Your core values are your own personal beliefs that dictate how you want to lead your life. Core values are traits or qualities that represent what you deeply care about, what drives you and what sets your soul on fire. They are the anchor in which to ground you and help you get really clear on your decisions about how you lead your life.
When you get clear on what it is that you value, what is it that you believe, you care less about what those around you are doing and you are able to get laser focused on yourself.
I believe that finding out what your core values are allows you to set better boundaries for yourself, they help you steer clear from self-abandonment, they stop you comparing yourself to everyone else, they allow you to grow and they allow you to get super clear on your purpose in life.
When you do the work to understand who you are and what you want to give out to the world, life becomes a lot more easeful! Decisions become more natural because they come from a place of truth and therefore you don't have to constantly question everything you do. Through this you can set more realistic goals that give you ease within the expectations you put on yourself.
Ultimately your core values are the heart of what you stand for and how you want to be seen in the world.
A great way to dive into your core values and needs is through journalling.
Here are some prompts to get you started -
- When have you felt the most happy, fulfilled and proud of yourself?
- When have you felt the most regretful / frustrated / unfulfilled or annoyed?
- What core values are important to you eg: growth, happiness, respect, resilience, self-acceptance, being present?
When you begin to align with the core values you set for yourself, then your expectations will be in alignment with what it is that you truly value. You will let go of expectations that don’t actually feel important to you. For example, if you have placed expectations on yourself all your life to get a corporate job, yet you value nature, you are likely going to set yourself up for struggle as you sit in an office block hours on end!
We all prioritise our needs differently. You can choose to fulfil your needs in a healthy way and bring balance to your life.

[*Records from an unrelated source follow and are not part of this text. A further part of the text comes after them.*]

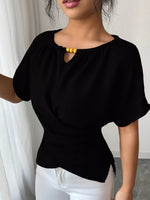 Beaded Neckline Short Sleeve Blouse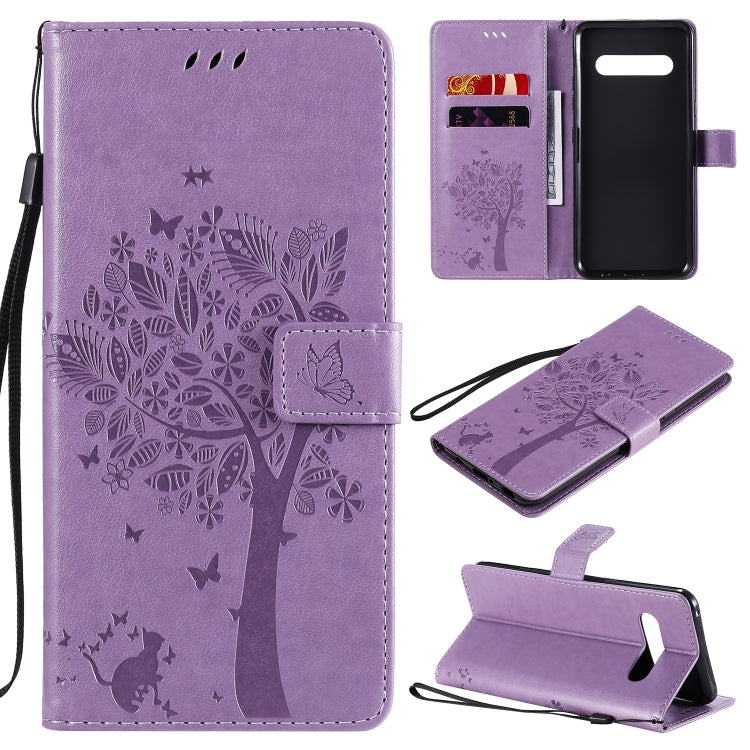 For LG V60 ThinQ 5G Tree & Cat Embossed Pattern Horizontal Flip Leather Case with Holder & Card Slots & Wallet & Lanyard
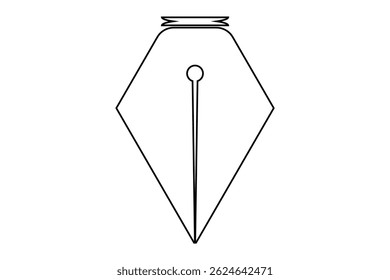 Fountain Pen nib Icon. Fountain Pen tip line writing Icon on white background.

What are the 6 human needs?
- Certainty
- Uncertainty/Variety
- Significance
- Connection/Love
- Growth
- Contribution
You can find further details on the 6 human needs on my blog.
In Summary
When you let go of expectations you will:
- Stop placing such high expectations on yourself and others.
- Let go of the need to be perfect.
- Build resilience to things not going your way.
- Choose to learn and grow - a fundamental human need.
- Lean into the energy you can bring to certain situations, rather than outcome.
- Reach your goals in a healthy way.
- Not let your goals define you.
- Let go of other people’s expectations of you and also let go of your expectations of others.